De acordo com a titular da Setde, parte dessas ações já saiu do papel, como o repasse de R$ 4,12 milhões para a construção de um portal em Baía da Traição e a pavimentação do acesso ao Forte Velho, em Lucena. O governo ainda tem atuado na formalização dos serviços turísticos, promovendo workshops e fortalecendo as Instâncias de Governança Regional (IGRs), que ampliam o diálogo com as comunidades e contribuem para a formação de agentes locais de turismo. O artesanato potiguara também vem ganhando visibilidade com oficinas, capacitações e espaços em eventos como o Salão do Artesanato Paraibano. “E não podemos nos esquecer de que as experiências culturais e ecológicas oferecidas nas aldeias fortalecem o etnoturismo e geram renda direta, por meio do artesanato, da gastronomia e da oferta de serviços locais”, observa Rosália Lucas.

Construção coletiva

Para que o turismo aconteça de forma respeitosa e sustentável, é preciso que haja um diálogo contínuo e aberto com a população. Franklin Oliveira, presidente da IGR da Rota Terra dos Potiguaras, explica que esse trabalho começa com a escuta ativa das lideranças indígenas. “A rota foi pensada respeitando as áreas sagradas, as tradições e os modos de vida das comunidades”, ressalta. Na prática, cada aldeia participa da criação dos produtos turísticos e define o que quer oferecer. Há locais que permanecem restritos, por serem santuários sagrados, enquanto outros tornam-se oportunidades para exibir rituais e saberes. “São vivências autênticas, que não foram ‘montadas’ para apresentar aos turistas”, reforça.

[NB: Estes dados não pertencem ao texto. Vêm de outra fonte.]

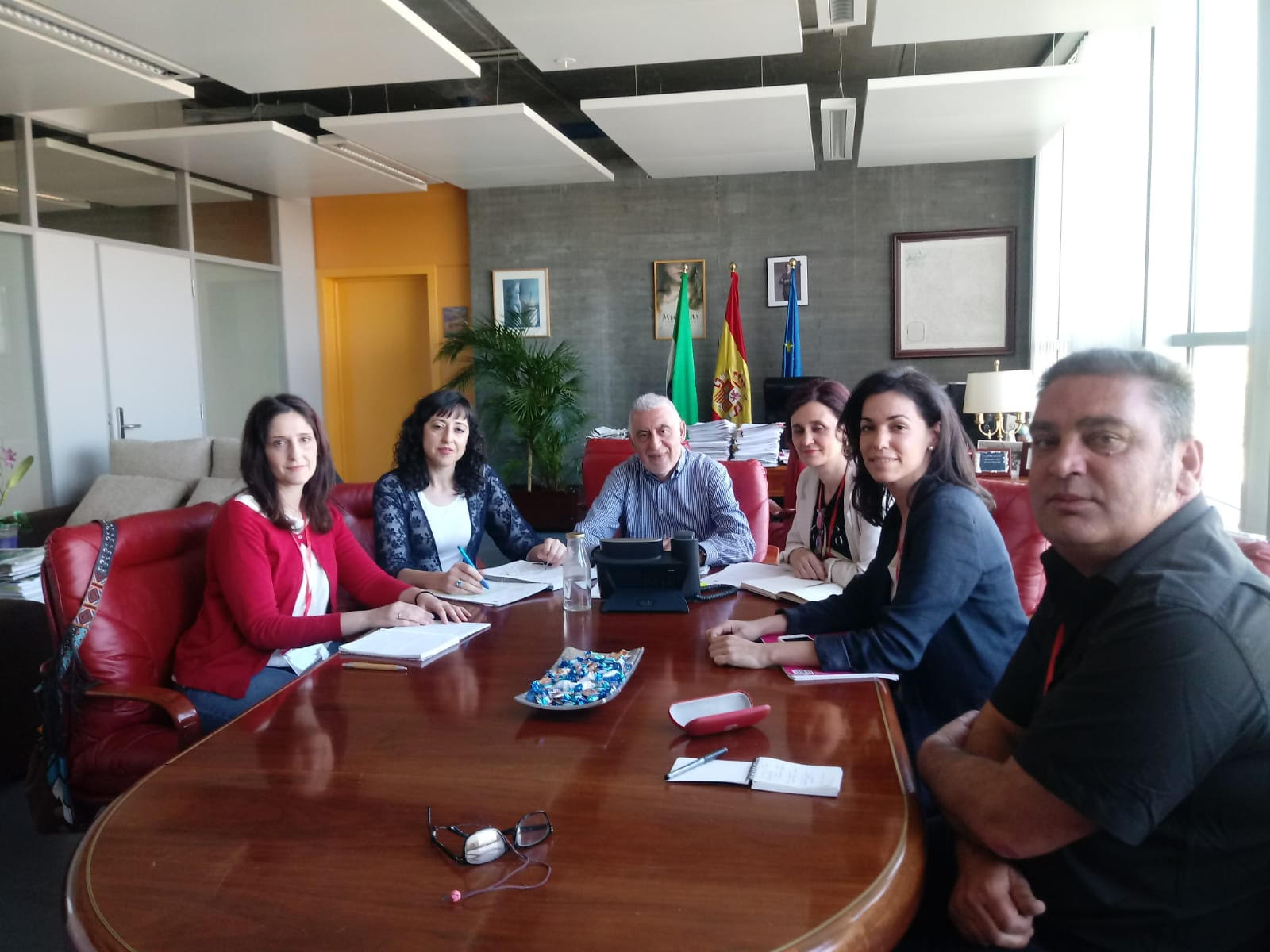 REUNIÓN CON SGE Y JEFA DE SERVICIO DE AD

As decisões são tomadas em assembleias mensais, que reúnem representantes das aldeias, gestores públicos e empresários da região. “Tudo é construído de forma horizontal”, destaca Franklin, lembrando que o grande desafio é não apenas engajar mais empreendedores e guias, mas também promover um crescimento ordenado no território. “Nossa preocupação é não perder o controle, para que a experiência não se transforme em algo invasivo”, diz. O objetivo, segundo ele, é consolidar um turismo de base comunitária cada vez mais qualificado, que preserve o meio ambiente, estimule o desenvolvimento local e respeite o tempo das aldeias.

*Matéria publicada originalmente na edição impressa do dia 28 de setembro de 2025.